Proposals should consider integrative approaches that build on advances in all relevant fields of science and technology, including elements such as novel in vitro[[This may include animal-derived material]] and in silico tools and the understanding of human biology and related toxicity pathways, with the aim of proposing and demonstrating scientifically valid means for comprehensive safety assessment of chemical substances without resorting to animal testing. Priority should be on systemic health effects in humans. Exploitation of qualitative and quantitative information and knowhow from animal, clinical, epidemiological, exposure and biomonitoring studies is encouraged where appropriate to inform research strategies and to establish the scientific credibility of the approaches proposed for relevant decision-making contexts. In addition, attention should be given to establishing and pursuing concrete measures to seek acceptance and uptake by end-users striving to address safety assessment challenges in support of product development and addressing regulatory information requirements.

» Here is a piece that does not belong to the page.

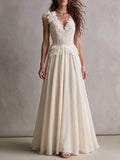 Cream Lace Applique A-Line Gown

Proposals could consider the involvement of the European Commission's Joint Research Centre (JRC) to provide add-value regarding such aspects as supporting validation of emerging approaches, promotion of research results, and the interfacing with the regulatory community. In this respect, the JRC is open to collaborate with any successful proposal after the selection process has been completed.
As a way to facilitate progress and to accelerate the harmonisation, acceptance and promotion of new approaches worldwide, applicants are encouraged to seek cooperation with industry and collaboration with any relevant complementary initiatives as well as with regulatory bodies.
The Commission considers that proposals requesting a contribution from the EU of between EUR 10 and 20 million would allow this specific challenge to be addressed appropriately. Nonetheless, this does not preclude submission and selection of proposals requesting other amounts.
The reliability and relevance of animal studies to support chemical safety assessment are subject to increasing scrutiny from a scientific perspective and raises broader societal concerns. To address these challenges, the European Commission has been supporting the development and application of animal-free approaches to toxicological profiling of chemicals in support of chemical safety assessment. However, significant challenges remain regarding the provision of viable animal-free solutions to address systemic health effects in humans potentially linked to chronic exposure to chemicals across a variety of regulated sectors. Consequently, further efforts are needed to progress on the development, validation and translation of scientifically sound methods that not only decrease the reliance on animal testing but which also deliver more relevant, reliable and cost-effective means to facilitate decision-making to support regulation, innovation and competitiveness.
- Scientifically sound, practicably implementable non-animal solutions readily deployable to aid in meaningful safety assessment of chemicals.
- Recognition from regulatory bodies and their engagement to translate results, methods and solutions into safety assessment practice.
- Uptake and commercial exploitation of the developed safety assessment approaches, products and services.
- Contribution to the Three Rs (3Rs) principles (‘Replacement’, ‘Reduction’, ‘Refinement’), with a particular emphasis on the ‘Replacement’ opportunities.